Tuesday, July 16, 2013

Suji dhokla

My mum seems to cook like a magician. I  have the passion for cooking from her.As a kid of 6 , I saw her cooking with so much passion that I joined her and stood on a little stool by her and watched and helped her where I could. By age 10, I was making a full meal. 
Suji ke dhokle has been her left hand job. I think no one can make them like her. Today I share her recipe here. 
1.5 cups suji
2 tbsp besan ( optional)
1 cup sour curd
1 tbsp oil
1/4 tsp haldi
Pinch of hing
15 gms / 1 tbsp Baking powder 
For tempering
2 tbsp oil
Pinch of hing
1 tsp mustard seeds
Curry leaves
1 tsp sesame seeds
Few slit green chillies
Lime juice of 1/2 lemon
1 tsp sugar 
Mix all the ingredients for dhokla exceot baking powder. Add enough water to make a thick batter.keep for 30 mins.
Now adjust the thickness of batter and add baking powder and mix well.
Grease a 24" round dhokla tray and keep to steam. Pour the batter and steam on high for about 15 mins.

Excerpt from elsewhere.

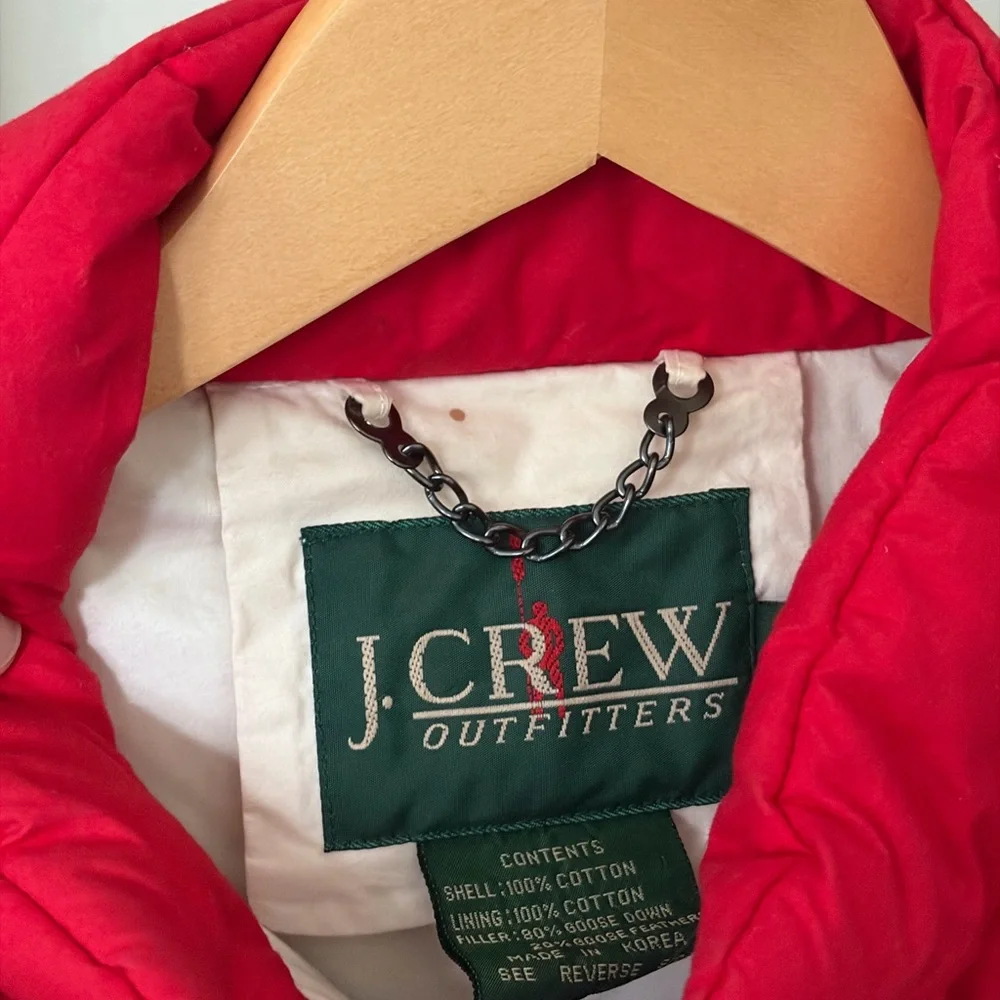 J. Crew Outfitters Vintage 90s Red Goose Down Cotton Puffer Vest | Men’s Small
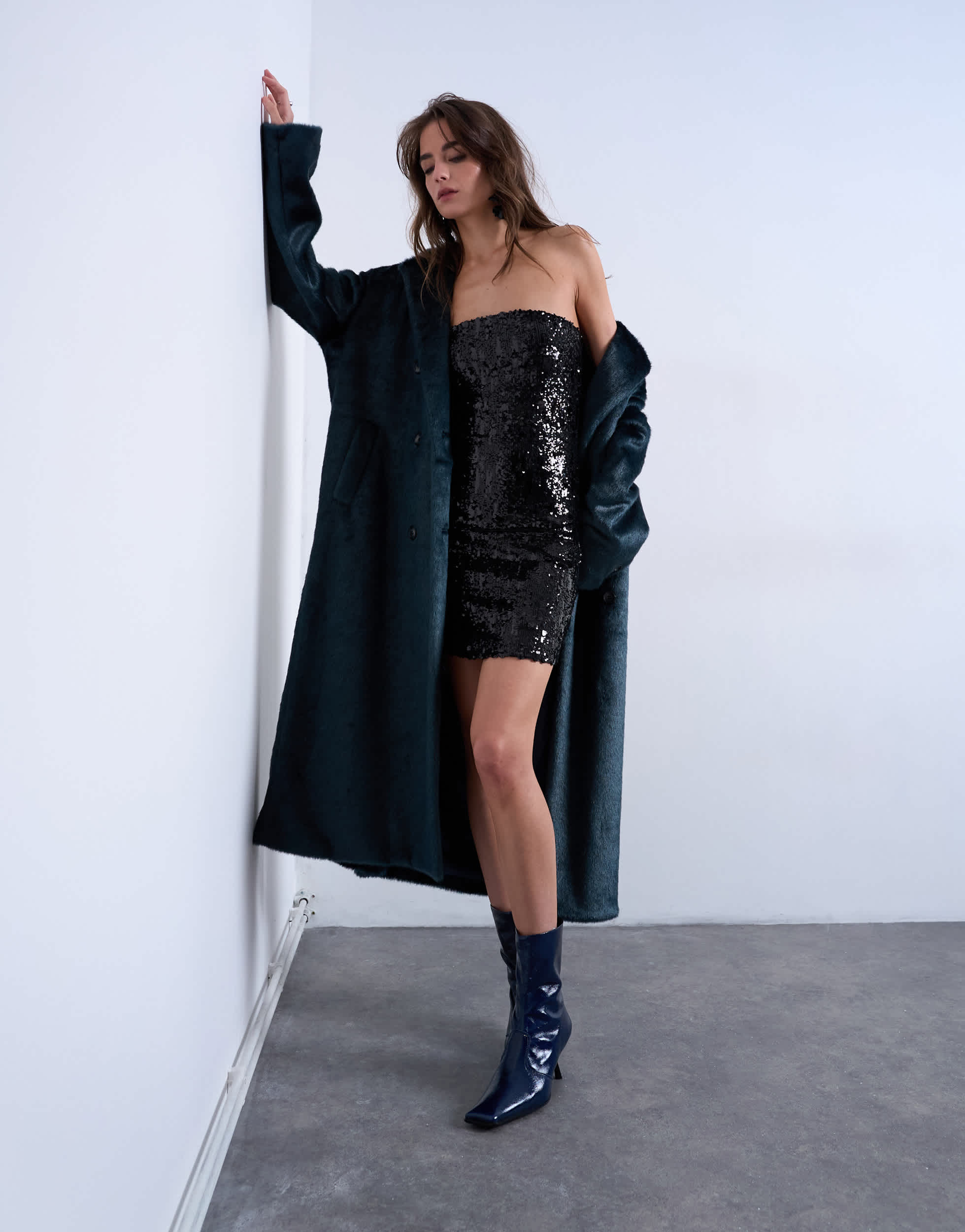 Topshop sequin bandeau mini dress in black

Stick a knife to see if it comes clean.
Cool for about an hour.
Cut into small squares in the tray.
Heat oil in a pan, add hing, mustard and let them splatter.
Add curry leaves, sesame seeds and green chillies and let them give out aroma.
Pour half a cup of water in it and add heat through with sugar.
Add lime juice and pour over the dhoklas.
Keep for an hour, sprinkle chopped coriander and serve with chutney of your choice.